Litter size both after cross-fostering and at d 7, 14, and 21 did not differ among treatment groups. Litter sizes at d 0, 7, 14, and 21 of lactation were 10.9 ± 0.20, 10.6 ± 0.20, and 10.3 ± 0.19 (pooled means ± SEM), respectively. Both gestation and lactation diets did not affect BW, BF thickness, ADFI, or days until return to estrus (Table 2). Main effects of gestation and gestation x lactation interactions were not significant for all piglet performance data during lactation. Piglet BW at the initiation of cross-fostering did not differ among treatment groups. However, BW of piglets from sows fed the Arg-supplemented diets during lactation were greater (P < 0.05) at d 7 (2.62 ± 0.11 vs. 2.44 ± 0.11 kg), 14 (4.18 ± 0.20 vs. 3.86 ± 0.21 kg), and 21 (5.76 ± 0.22 vs. 5.36 ± 0.23 kg) of lactation compared with piglets from control-fed sows. Weight gains of piglets from sows fed the Arg-supplemented diet during lactation were greater between d 0 and 7 (1.26 ± 0.09 vs. 1.00 ± 0.09 kg; P < 0.01) and between d 0 and 21 (4.34 ± 0.21 vs. 3.92 ± 0.22 kg; P < 0.05) compared with piglets from the control-fed sows. However, there was no difference in piglet BW gain during either d 7 to 14 or d 14 to 21 of lactation.

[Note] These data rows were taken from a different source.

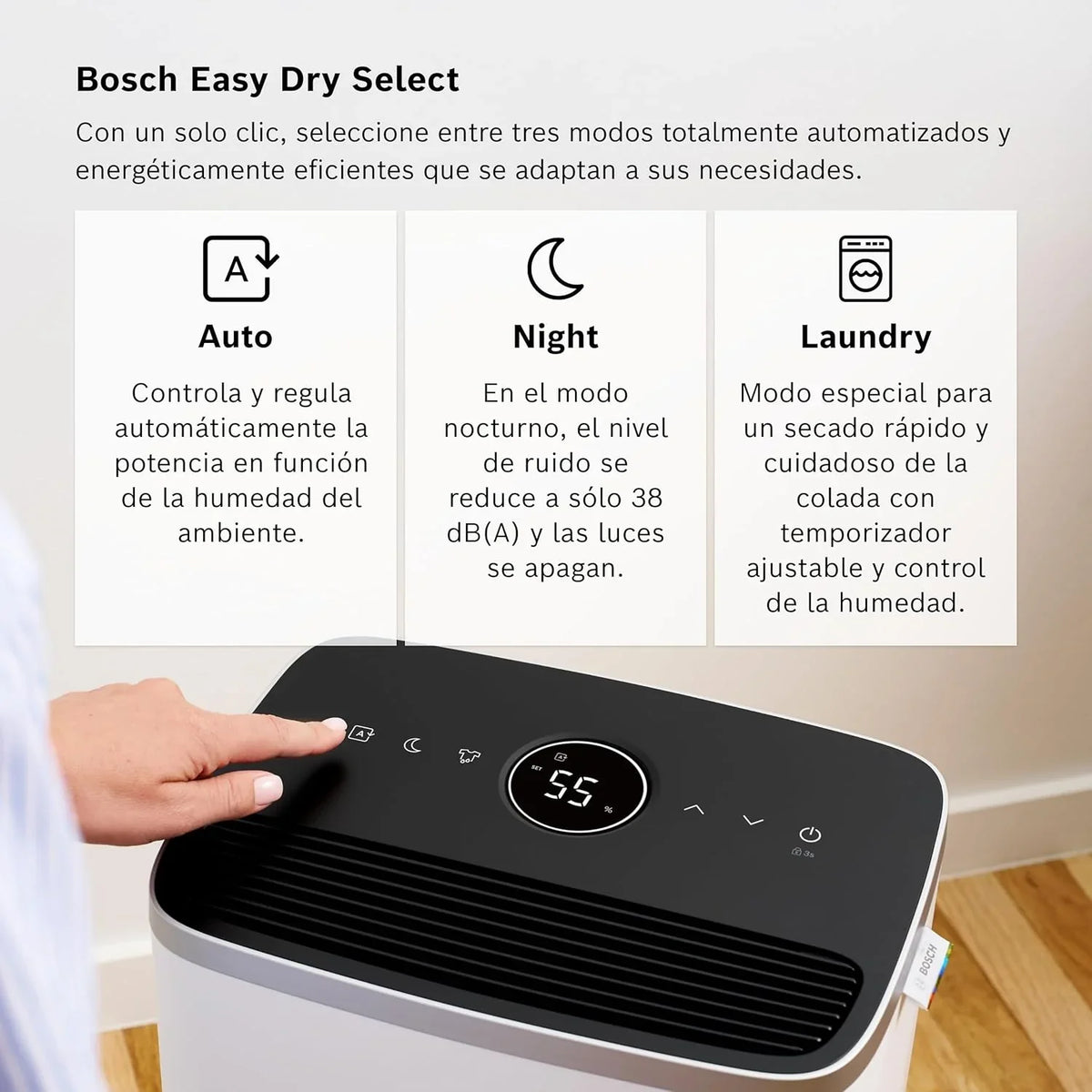 2026 Bosch Deshumidificador Dry 4000 – Fácil. Eficiente. Silencioso. Para tu Hogar y Dormitorio – Para Habitaciones de hasta 33 m² – Secado Rápido para tu Colada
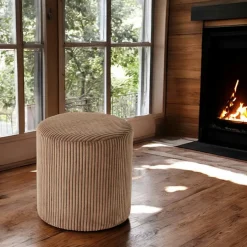 Meubles De Salon·Poufs|MALMOE Pouf rond velours côtelé blanc (lot de 2)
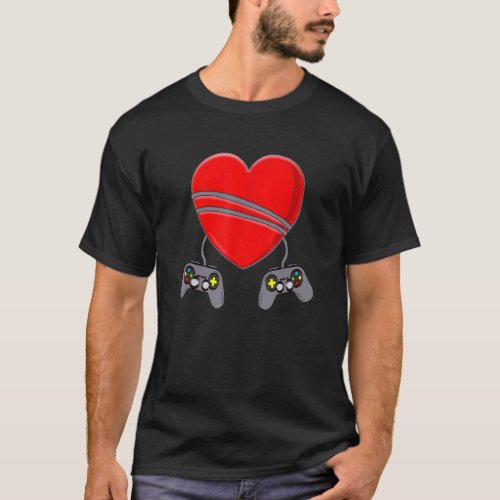 Boys Gamer Love Valentine S Day Video Game Control T_Shirt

No significant gestation x lactation interaction effect on plasma urea concentrations in sows was noted among the different treatment groups on d 7 or 21 of lactation (Table 3). There was a trend (P = 0.071) for sows fed the Arg-supplemented diet during gestation to have decreased plasma concentrations of urea (4.6 ± 0.07 vs. 4.8 ± 0.06 mmol/L) at d 7 of lactation compared with sows fed the control diets. In addition, sows fed Arg-supplemented diets during the lactation period had decreased plasma concentrations of urea (4.5 ± 0.08 vs. 4.8 ± 0.07 mmol/L; P < 0.05) at 7 d of lactation compared with sows fed the control diet.

Plasma concentrations of AA in first-parity sows at d 7 of lactation are summarized in Table 4. No significant gestation effect among treatment groups was observed for any AA measured. Except for Met, no gestation x lactation diet interaction effect was noted for all other AA. Arginine supplementation to sows during the lactation period resulted in greater (P < 0.01) plasma concentrations of Pro, Gly, Arg, and ornithine compared with the control sows. However, plasma concentrations of Ser, Gln, His, citrulline, and Ala were decreased for sows fed Arg-supplemented diets during lactation when compared with sows fed isonitrogenous control diets. A gestation x lactation diet interaction effect was noted for Met at 7 d of lactation (P < 0.05). There were no differences in plasma concentrations of other AA between control and Arg-supplemented sows. Similar results were obtained for plasma concentrations of AA in control and Arg-supplemented sows at d 21 of lactation (data not shown).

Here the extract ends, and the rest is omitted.